This data also hints at a disconnect between the rate of Googlebot crawls and a website’s SEO performance. Typically, organic search traffic accounts for 10%-30% (or more) of a website’s total visits. Thus, if a high crawled rate would indeed translate into a higher share of organic visits, we would expect to see that reflect (at least to some extent) in our data. As it stands out, our numbers show no such correlation, giving web operators and SEO pros one less thing to worry about.

Crawl Patterns, Exceptions to the Average

One of our main goals in this study was to analyze Googlebot’s crawl patterns. This is a major focal point of most of the Google-related questions we get from our clients. Guided by those questions, we processed over 210 million Googlebot sessions and came out with the following key findings:

  • Googlebot’s average visit rate per website is 187 visits/day.
  • Googlebot’s average crawl rate is 4 pages/visit.

It should be noted that this data comes from a very diverse group of samples. At the high end, for instance, in 12.5% of cases we saw Googlebot visiting sites over 500 times/day (more than 3 times above the average). Crawl rate data was just as diversified, with the most extreme case being 210,000 pages crawled during a single uber-long 72 hour visit.

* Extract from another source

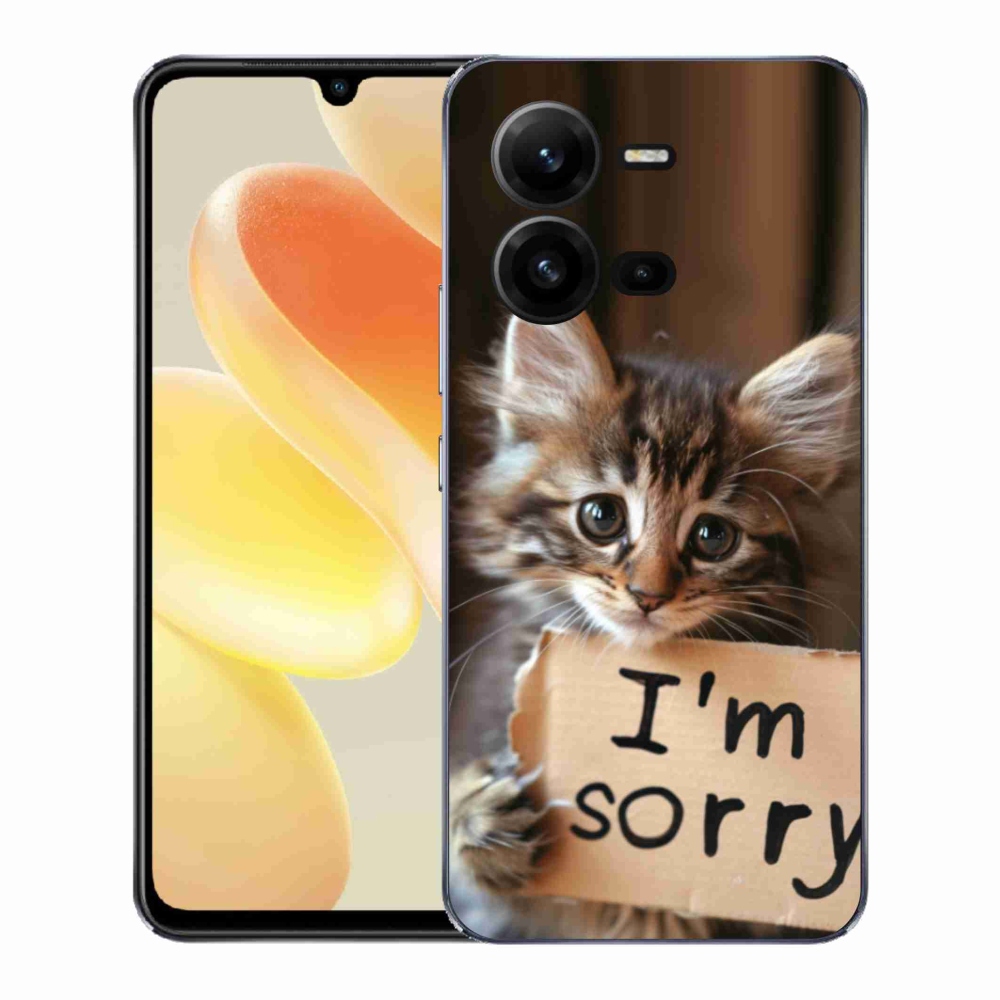 Gélový kryt mmCase na Vivo X80 Lite - mačacie ospravedlnenie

Through close inspection of dozens of websites, we spotted a possible explanation for the diversified Googlebot behavior. Drilling down, we saw that content-heavy and frequently updated websites were more thoroughly crawled. This behavior was most notable in the cases of big forums, news sites and high-scale e-shops with a wide array of frequently updated products.

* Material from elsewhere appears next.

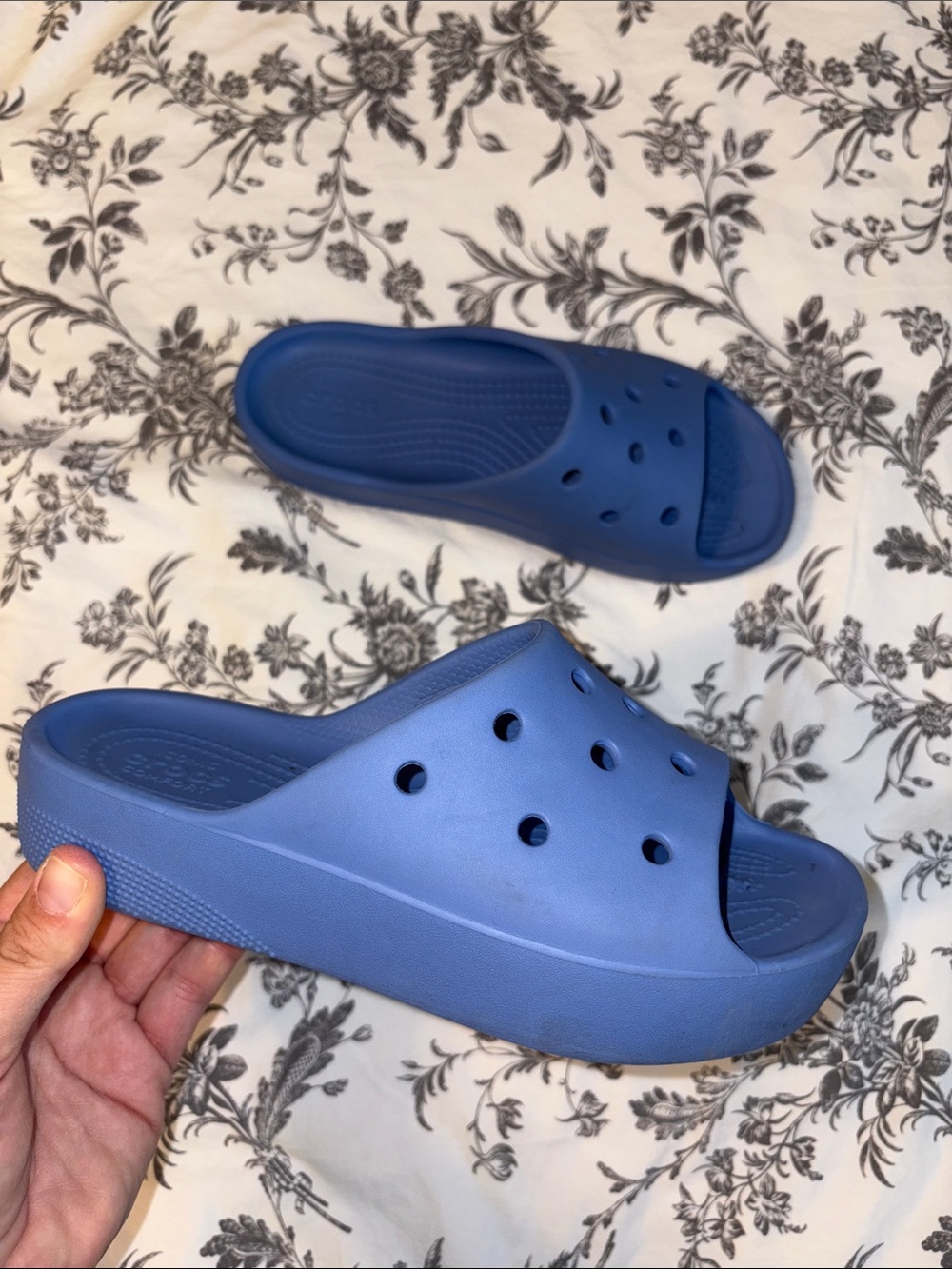 CROCS platform - Kids Blue Slide Sandals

As an SEO professional, it didn’t surprise me to see Googlebot preferring fresh information and crawling websites in a non-unified pattern based on content freshness and the site’s content structure.

Still, it was exciting and gratifying to see these notions being backed up by wide-scale empirical research. Seeing these numbers, I couldn’t help but wish that I had them up my sleeve all those times I was trying to convince past clients to stick to their content schedules.

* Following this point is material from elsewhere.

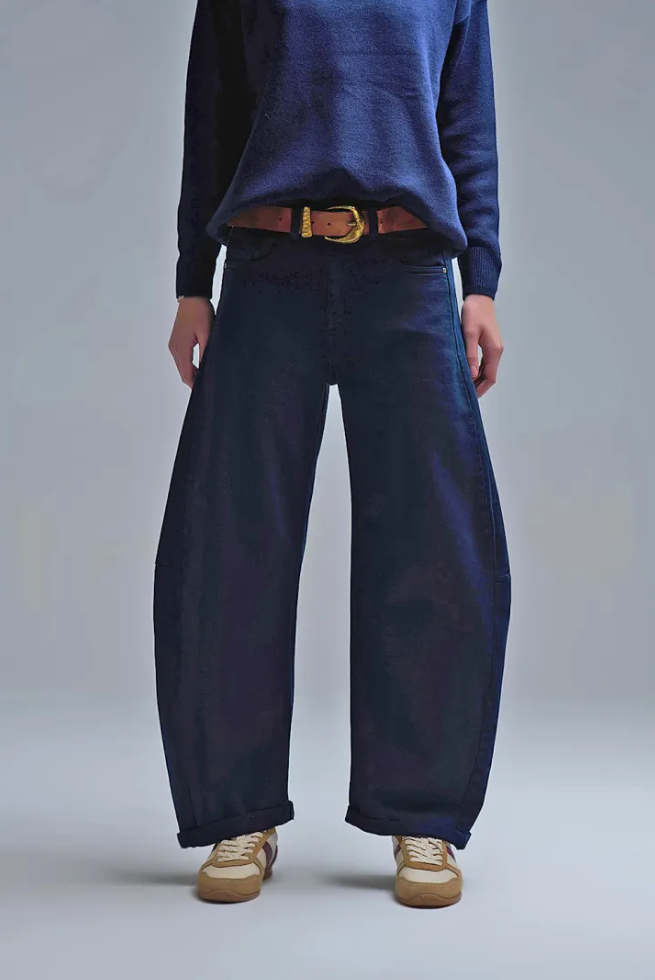 Navy Barrel Balloon Jeans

Where Does Googlebot Come From?

Lastly, we wanted to share some lesser known facts about Googlebot’s origins. As one would expect, the bulk of Googlebot’s visits originate from the US.

However, we also see Googlebot coming from the UK, France, Belgium, Denmark and China.

Googlebots’ Country of Origin Share of Visits
US 98.12%
UK 1.17%
France 0.38%
Belgium 0.16%
Denmark 0.09%
China 0.07%

We thought this information could prove useful to website operators who rely on indiscriminate, geography-based security rules that may block Googlebot together with unwanted visitors.